GIVEN RECORDS section start

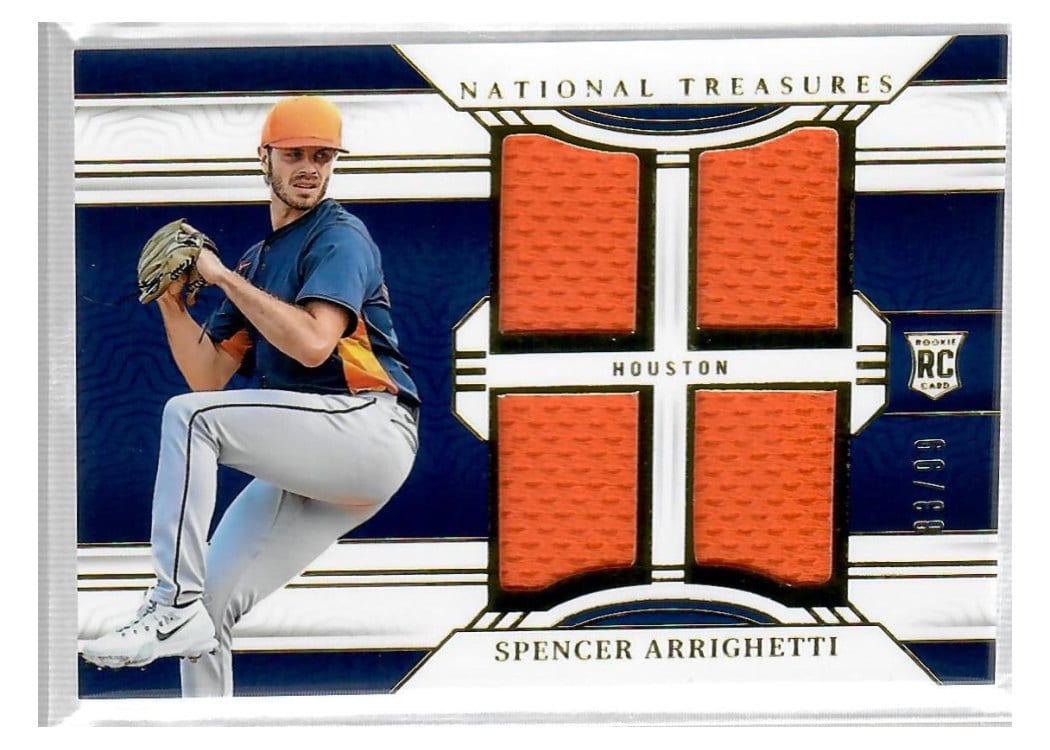 2024 Panini National Treasures Game Gear Swatches Quad Spencer Arrighetti #16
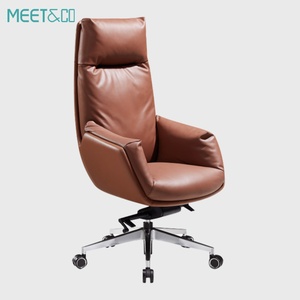 Silla de Oficina Ejecutiva Giratoria Moderna con Respaldo Alto, Silla de Oficina Ergonómica de Cuero PU Marrón con Función de Masaje, Venta al Por Mayor - Product Image 4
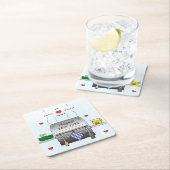 Dessous-de-verre Carré En Papier Barbecue Grill (En situation)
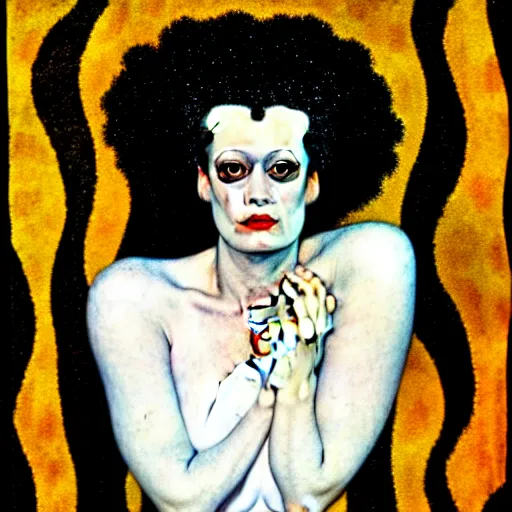 Image similar to bride of frankenstein influenced by gustav klimt.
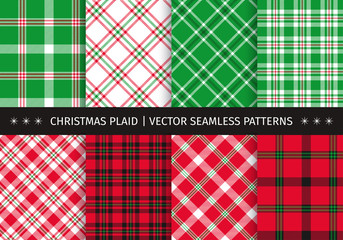 Set of christmas plaid and tartan seamless patterns. Vector backgrounds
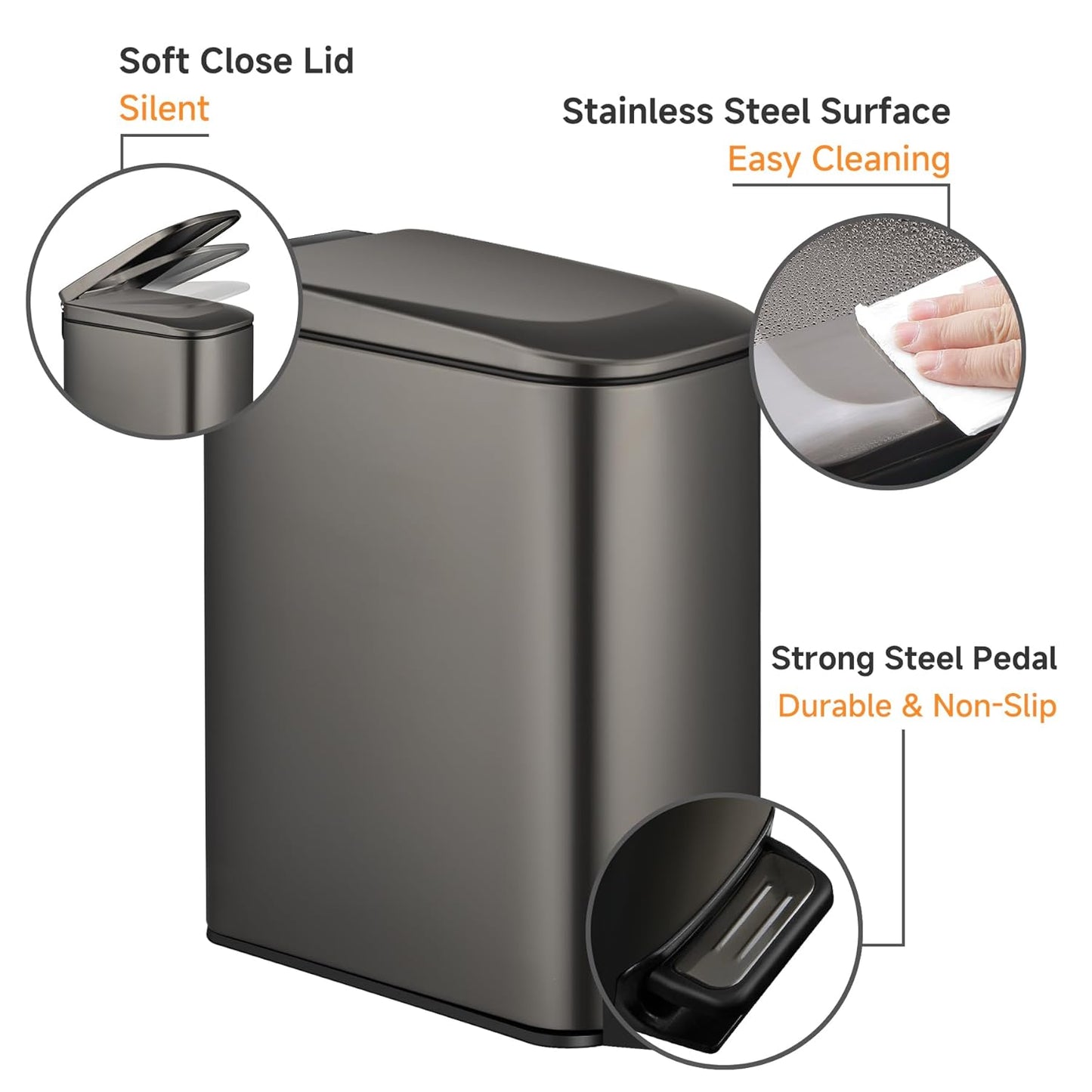 TIPGO Slim Bathroom Trash Can with Lid Soft Close, 6 Liter / 1.6 Gallon Stainless Steel Garbage Can with Removable Inner Bucket, Step Pedal, Small Trash Cans for Bedroom, Office, Kitchen (Black Gold)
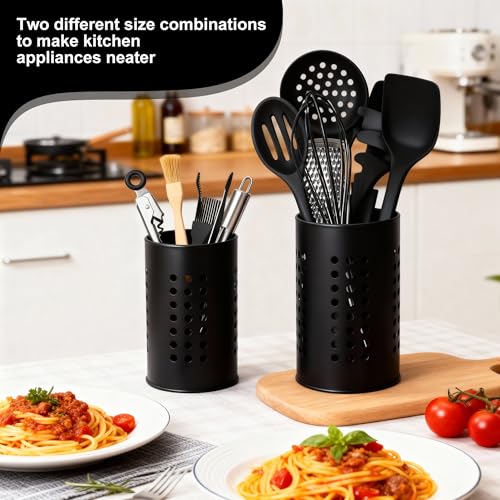 Miniatura 4 de Acomtuo 2 Piezas Bote Utensilios Cocina Negro,Soporte Para Utensilios De Cocina,Cubiertos Bote Para Cajones Encimeras,Recipiente Para Utensilios Para Cajones, Encimeras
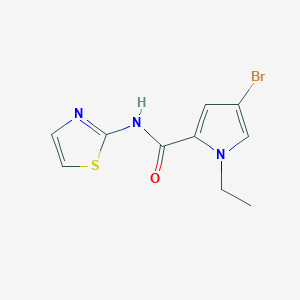 molecular formula C10H10BrN3OS B7556906 4-bromo-1-ethyl-N-(1,3-thiazol-2-yl)pyrrole-2-carboxamide 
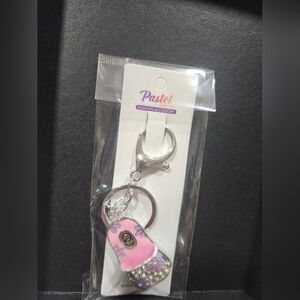 Key Chain Pastels Pink and Silver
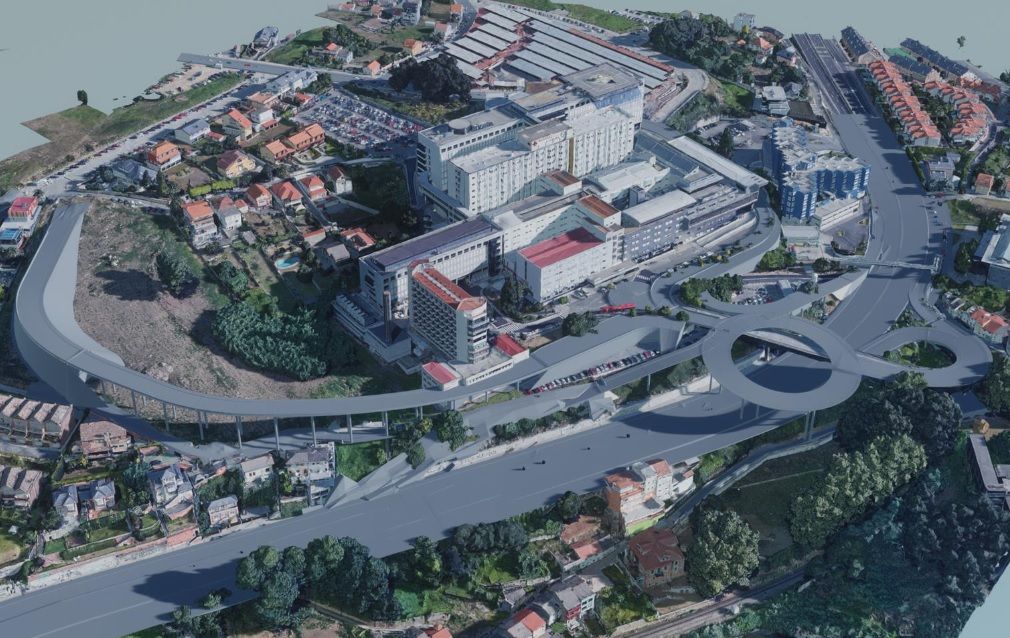 Imagen virtual de los nuevos accesos al Chuac, con el viaducto desde Eirís a la izquierda y la glorieta elevada sobre A Pasaxe a la derecha.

GIVEN RECORDS section end

▸ **TASK REQUIREMENTS**: Retype the lines exactly as they appear, beginning with the line that contains "Key Chain Pastels Pink and Silver" and ending with the final line of the entries, and omit the pictures.

▸ **RESPONSE TO THE EXERCISE**:
 Key Chain Pastels Pink and Silver
 Imagen virtual de los nuevos accesos al Chuac, con el viaducto desde Eirís a la izquierda y la glorieta elevada sobre A Pasaxe a la derecha.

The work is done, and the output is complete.